My friend and me were studying some group theory, and we thought of the following problem.
Let $n$ be a positive integer, and let $A\in \text{GL}_n(\mathbb{Z})$ be a matrix with integer entries that is invertible over $\mathbb{Z}$ (i.e. $\text{det}(A)=\pm 1$). Question: Does the existence of a matrix $B\in \text{GL}_n(\mathbb{Q})$ and an integer $c>1$ such that $$AB = BA^c$$ imply that there exists some pair of integers $r,s>0$ such that $(A^r-I)^s=0$? Or equivalently that $A^r-I$ is nilpotent?
This implication seems a bit too random to be true, does anyone know a counterexample (or a proof)?
What we have thought of so far:
The matrix $B$ needs to be invertible, as else $B=0$ and for example the matrix $$A=\left(\begin{matrix} 2 & 5 \\ 1 & 3\end{matrix}\right)$$ has eigenvalues that are not roots of unity, but it is actually diagonalizable, showing that $A^r-I=S(D^r-I)S^{-1}$ will never be nilpotent (its determinant is nonzero).
We are not really interested in the case when $A$ is not invertible, but when $A$ has determinant $|\text{det}(A)|>1$ the equation $AB=BA^c$ will fail for any $c>1$ by taking the determinant on both sides.

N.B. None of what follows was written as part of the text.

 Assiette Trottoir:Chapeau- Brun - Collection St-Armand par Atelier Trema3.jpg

We will need $c>1$, as else we may take the commuting matrices $$A = \left(\begin{matrix} 1 & 5 \\ 1 & 6 \end{matrix}\right); B= \left(\begin{matrix} 2 & 5 \\ 1 & 7 \end{matrix}\right).$$ That is, we have $AB=BA$, but $A$ has eigenvalues that are not roots of unity, showing that $A^r-I$ will never be nilpotent for $r>0$ with the same argument as before.
We have only tried $2\times 2$ matrices, as it seems incredibly difficult to check if such a matrix $B$ exists in any case.

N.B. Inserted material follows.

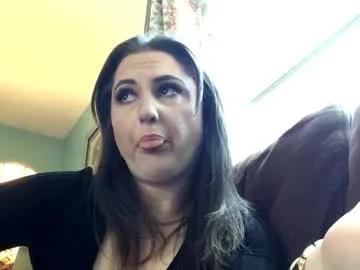 sarahsweetie17 on Chaturbate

To show that there is some support for the question, we may take $$A = \left(\begin{matrix} 1 & -3 \\ 1 & -2 \end{matrix}\right)$$ and $$B= \left(\begin{matrix} -6 & -3 \\ -7 & 6 \end{matrix}\right).$$ This example has $AB=BA^2$, the matrix $A$ is diagonalizable and the eigenvalues are roots of unity (implying that $A$ is of finite order, so $A^r-I=0$ for some $r>0$, in this case $r=3$).
These were the final thought we had before submitting this question: only assuming the relation $AB=BA^c$ does not imply nilpotence of $A^r-I$ for some $r>0$ as we have seen above. So we do need the invertibility of $A$ and $B$. Moreover, somehow $A$ having determinant $\pm 1$ makes it more plausible for this to be true; the "excess" of the relation $AB=BA^c$ is something along the lines of $A^{c-1}$. This is a positive power, so we think this might somehow imply that the eigenvalues of $A$ must be roots of unity. Can this imply the statement?
Since $A^c=B^{-1}AB$ has the same eigenvalues as $A,$ these are indeed roots of unity. So, there exists a positive integer $r$ such that $$A=D+N,\quad DN=ND,\quad N\text{ nilpotent},\quad D^r=I.$$ Therefore (by the binomial theorem) $A^r-I$ is nilpotent.